⟨

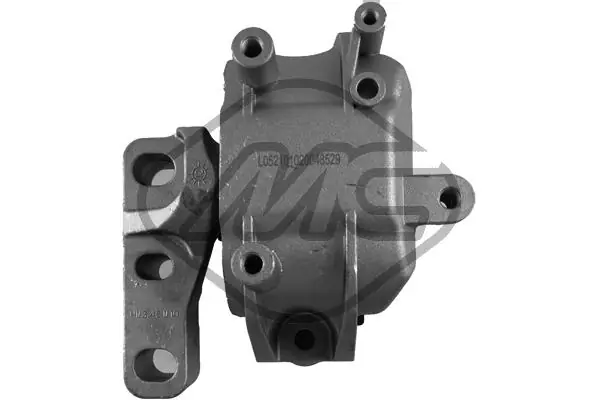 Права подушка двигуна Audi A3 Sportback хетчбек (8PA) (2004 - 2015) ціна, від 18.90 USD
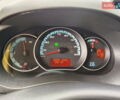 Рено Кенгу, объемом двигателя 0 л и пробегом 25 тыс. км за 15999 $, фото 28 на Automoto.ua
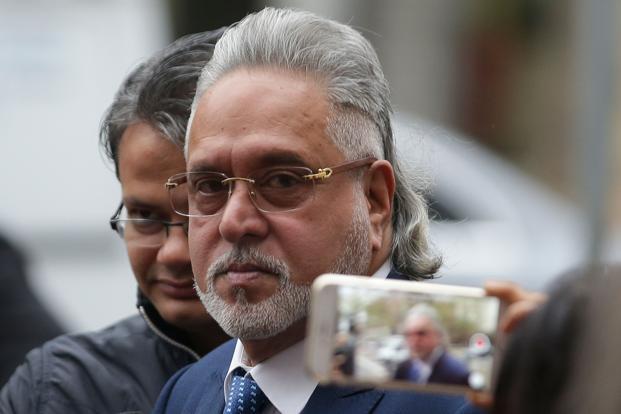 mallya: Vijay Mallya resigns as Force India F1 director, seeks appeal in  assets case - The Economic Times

⟩
⟨

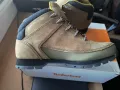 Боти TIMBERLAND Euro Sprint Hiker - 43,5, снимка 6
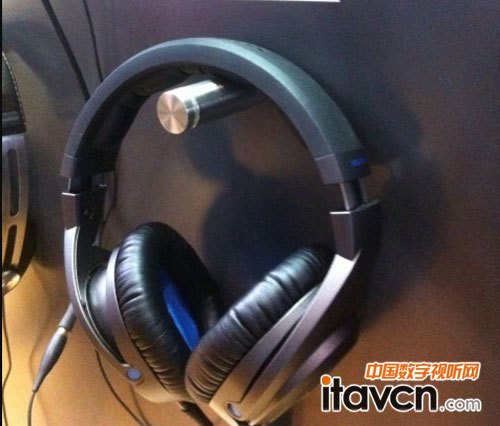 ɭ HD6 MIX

⟩

> **Assigned task**
Copy word for word the lines above, starting at the line containing "Рено Кенгу, объемом" and ending at the line containing "mallya: Vijay Mallya", inclusive, with no pictures.

> **Task output**
 Рено Кенгу, объемом двигателя 0 л и пробегом 25 тыс. км за 15999 $, фото 28 на Automoto.ua
 mallya: Vijay Mallya resigns as Force India F1 director, seeks appeal in  assets case - The Economic Times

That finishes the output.